The Vikings had nobody of that caliber on their squad, but look who took home the state championship trophy.
Northern beat a Flint Northwestern team led by Trent Tucker in the regional final and smothered future Detroit Piston
Walker D. Russell of Pontiac Central in the state championship final to claim perhaps the most unlikely of the school’s
nine state titles.
“We didn”t have any All-Americans or All-Staters,” said Northern coach Bill Troesken. “We had a bunch of hardworking
little guys. It was a group of kids that when you asked them to do things, they responded.”
One of the things Troesken asked of his team was to slow down Tucker in the regional championship game. The
Northwestern All-Stater and future New York Knicks guard was known for shooting the ball, not passing it, and he
logged a then-Flint Class A career-record 1,294 points from 1975-78.
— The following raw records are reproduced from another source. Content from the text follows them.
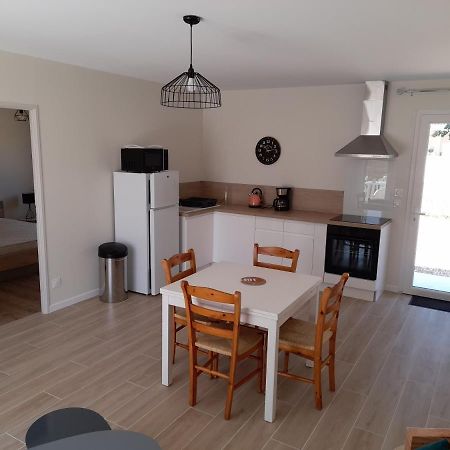 Le Logis De Gatseau Apartment Les Mathes Exterior photo
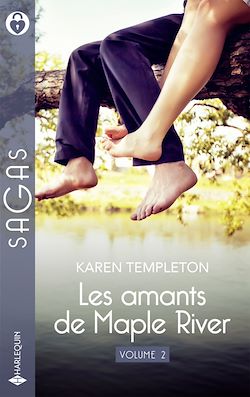 Télécharger le livre :  Les amants de Maple River - Volume 2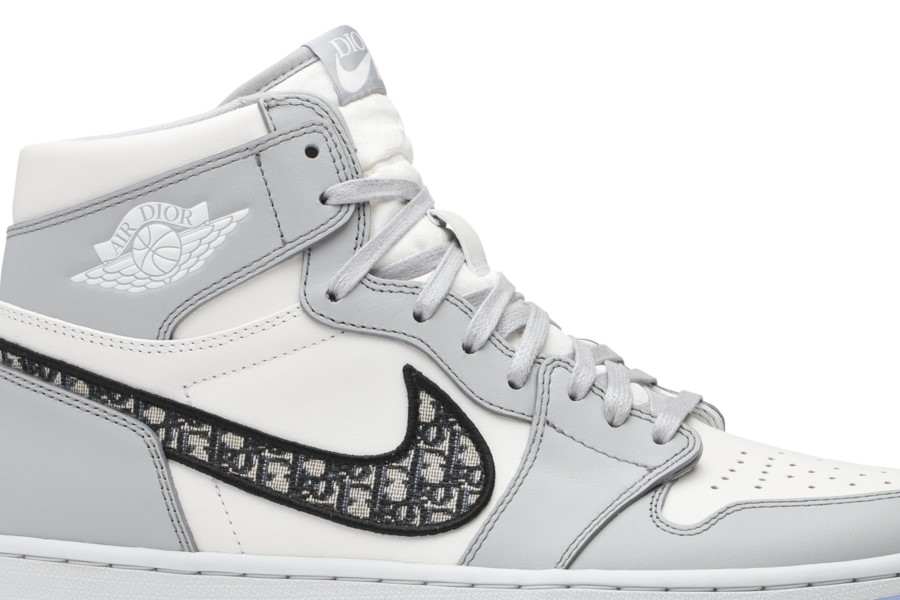 Dior X Air Jordan 1 Visoka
The Wildcats led the Vikings 28-17 with 6:34 left in the second quarter of the regional championship game, when
Northern switched from a zone defense to a man-to-man set. Behind the defensive efforts of Curtis Carroll and Kent
Smith, the Vikings turned Tucker from a shooter into a passer and came back to post a 71-55 victory in front a sellout
crowd of 4,500 at IMA Auditorium. Tucker made only seven field goals and finished with 18 points, his lowest output of
the state tournament.
“Trent Tucker was the best player in the state that year, and we had to exert so much energy to keep him under
control,” Carroll said. “We got to the point where he was reversing the ball.”
Northern not only stymied the 6-foot-5 Tucker, but its tenacious defense held the Wildcats to a paltry 12-of-35
shooting (34.3 percent) in the final 16 minutes of the game.
The come-from-behind victory turned out to be the turning point for the Vikings, who went on to complete their state
championship run with a 23-3 overall record and were ranked 25th in the nation in Basketball Weekly’s top 30 prep
teams.
“Sometimes you are rolling the dice,” said Troesken. “It was our ability to maintain our defensive pressure in a manto-
man set that we had not done before. You just understand that something good could be happening here.”
While Northern featured a senior-laden team – 12 of the 14 boys on its tournament roster were seniors – it did not
have any All-State players. The Vikings had two players earn first-team All-Saginaw Valley Conference West Division
honors in seniors Craig Tucker, Trent’s cousin, and Gary Pool. Seniors John Chapman and Garry Townsend both
snared second-team All-SVC West accolades.